Vista ahora sobre un escenario, la resistible o evitable ascensión de Arturo Ui se ha convertido en un tebeo plano, pero su didactismo no ofende ya por lo burdo o lo simple, sino por lo falso. De pronto me di cuenta, mientras remontaba como podía el aburrimiento, que lo que me desgarraba sobre todo era una mentira, una trampa ideológica.
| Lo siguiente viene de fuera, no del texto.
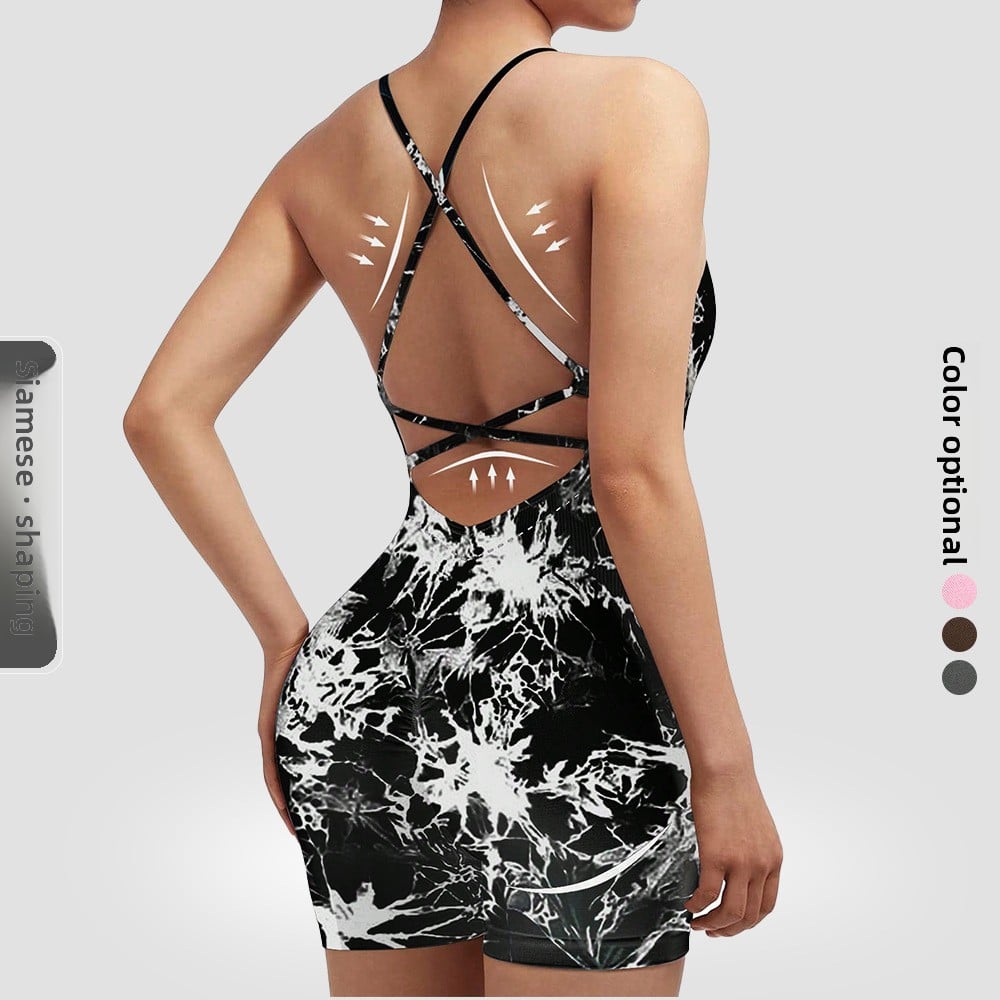 Black and white patterned romper on a model with color options displayed.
Brecht cuenta el ascenso del nazismo como el simple resultado de un acuerdo entre los gánsteres y los ricos, como una consecuencia natural de la venalidad del Estado, de la hipocresía de la democracia: escribía contra los nazis en 1941, cuando ya se había roto el pacto entre Hitler y Stalin, y al presentar esa entrega incondicional de los multimillonarios, los tenderos y los gobernantes a la dictadura de los pistoleros, ocultaba interesadamente los hechos sin los cuales la historia se vuelve mentira. El primero, que la República de Weimar no era el Estado bárbaro y corrupto de la oligarquía, sino un régimen democrático que en circunstancias imposibles estableció un modelo de legalidad y llevó a cabo una serie de valiosas reformas sociales; el segundo, que los nazis no estaban solos en su agresión contra las libertades, ni tuvieron siempre como únicos aliados a los plutócratas: el partido comunista alemán, en el que militaba Brecht, no tuvo escrúpulos en unir sus fuerzas sindicales y parlamentarias a las de Hitler cuando le vino bien a su estrategia política, y el precio atroz que pagó luego no lo disculpa de su irresponsabilidad, de su sectarismo desastroso, pues al perder la democracia formal que despreciaban tanto, muchos comunistas perdieron la vida.

Se dice siempre que esta obra es una advertencia sobre la escalada del totalitarismo, pero cualquier libro de historia resulta más aleccionador y más útil. Yo encontré, si acaso, la noche del estreno, una advertencia retrospectiva sobre la facilidad con que puedan abrazarse ciertos dogmas singularmente tóxicos, sobre la rapidez y hasta la crueldad con que el paso del tiempo convierte en antigualla lo que hace nada pareció más nuevo.